Monday, July 02, 2007
"The view that strikes the language of 'merit' from our theological vocabulary so that the claim is made that Christ’s merits are not imputed to his people is contrary to the Westminster Standards."The argument of the proponents of the Federal Vision is that man, by virtue of his creatureliness, cannot merit anything from his Creator or bring the Almighty into his debt. This has ramifications not only for the covenant of works (since God only deals with his creatures graciously), but also for the view that Christ's obedience and satisfaction earned our eternal inheritance. The Father, they argue, graciously bestowed the reward upon his Son.
To the Standards, shall we?
The "everlasting inheritance" that our Lord has gained for us is something that he "purchased" (WCF VIII.5), the purchase price being his "perfect obedience and sacrifice" (WCF VIII.5). The payment of this price "fully satisfied the justice of the Father" (WCF VIII.5). Moreover, the saints' perseverance in the faith is attributed to "the efficacy of the merit and intercession of Christ," his intercession being grounded in "the merit of his obedience and sacrifice on earth" (WCF XVII.2; WLC 55). Finally, worthy participation in the Lord’s Supper includes our "trusting in [Christ's] merits" (WLC 174).
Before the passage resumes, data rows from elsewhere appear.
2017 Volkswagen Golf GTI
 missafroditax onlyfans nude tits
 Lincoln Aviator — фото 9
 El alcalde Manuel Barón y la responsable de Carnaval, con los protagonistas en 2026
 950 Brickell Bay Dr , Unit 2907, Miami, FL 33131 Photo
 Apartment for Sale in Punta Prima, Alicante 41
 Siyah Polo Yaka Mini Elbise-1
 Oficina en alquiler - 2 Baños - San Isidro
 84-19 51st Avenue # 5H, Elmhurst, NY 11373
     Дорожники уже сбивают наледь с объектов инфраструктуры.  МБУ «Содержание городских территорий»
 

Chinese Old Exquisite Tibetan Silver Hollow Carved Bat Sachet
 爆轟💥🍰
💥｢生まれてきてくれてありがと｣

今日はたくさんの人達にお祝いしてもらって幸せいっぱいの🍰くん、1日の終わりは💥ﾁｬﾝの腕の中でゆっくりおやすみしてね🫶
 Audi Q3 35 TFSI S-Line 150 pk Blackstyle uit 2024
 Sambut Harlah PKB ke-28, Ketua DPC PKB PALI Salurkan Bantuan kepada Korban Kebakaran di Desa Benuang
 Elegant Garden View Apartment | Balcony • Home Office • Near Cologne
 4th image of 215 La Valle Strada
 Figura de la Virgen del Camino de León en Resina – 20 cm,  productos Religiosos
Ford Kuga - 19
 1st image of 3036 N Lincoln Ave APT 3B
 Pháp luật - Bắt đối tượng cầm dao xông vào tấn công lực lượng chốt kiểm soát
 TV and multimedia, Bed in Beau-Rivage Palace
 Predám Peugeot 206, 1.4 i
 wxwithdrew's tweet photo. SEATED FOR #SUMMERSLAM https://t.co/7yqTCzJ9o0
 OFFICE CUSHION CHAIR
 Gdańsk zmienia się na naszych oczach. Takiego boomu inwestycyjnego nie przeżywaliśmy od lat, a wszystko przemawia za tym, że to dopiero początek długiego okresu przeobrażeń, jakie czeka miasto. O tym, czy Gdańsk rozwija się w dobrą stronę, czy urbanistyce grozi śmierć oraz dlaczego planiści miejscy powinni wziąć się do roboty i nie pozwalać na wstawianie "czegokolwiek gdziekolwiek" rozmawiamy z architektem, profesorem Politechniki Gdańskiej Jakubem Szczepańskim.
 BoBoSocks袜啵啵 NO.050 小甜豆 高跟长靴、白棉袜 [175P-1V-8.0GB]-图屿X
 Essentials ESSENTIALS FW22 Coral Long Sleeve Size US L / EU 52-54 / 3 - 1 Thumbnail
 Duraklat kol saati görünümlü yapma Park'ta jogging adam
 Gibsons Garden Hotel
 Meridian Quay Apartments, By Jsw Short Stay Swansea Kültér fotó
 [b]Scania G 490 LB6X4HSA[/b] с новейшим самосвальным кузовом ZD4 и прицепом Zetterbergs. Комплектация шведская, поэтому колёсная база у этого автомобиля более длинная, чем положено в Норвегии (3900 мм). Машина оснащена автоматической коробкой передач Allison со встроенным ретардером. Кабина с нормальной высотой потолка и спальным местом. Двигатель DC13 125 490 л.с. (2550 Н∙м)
In his devastating critique of the covenant theology of the Federal Vision, Michael Horton cites Calvin:
"By his obedience, Christ truly acquired and merited grace for us with the Father.... I take it to be a commonplace that if Christ made satisfaction for our sins, if he paid the penalty owed by us, if he appeased God by his obedience... then he acquired salvation for us by his righteousness, which is tantamount to deserving it.... Hence it is absurd to set Christ's merit against God's mercy" (Covenant, Justification, and Pastoral Ministry, 206-07; Calvin, Institutes of the Christian Religion, 2.17.3, 1).Though there is no law, external to God, by which man can bring the Almighty into his debt, Adam would have had a claim upon the promised blessings of the covenant of works had he obeyed the stipulated terms of that covenant. Moreover, our Lord Jesus Christ, as second Adam, is able to claim those blessings (and more) on behalf of his people, grounding his claim on the Father’s promise to impute the benefits of his obedience and sacrifice to his elect. Thus, there is more to Jesus' work than "an inherent worth" (as the Federal Visionists call it); it is the means by which he earned for sinners what they could never merit on their own.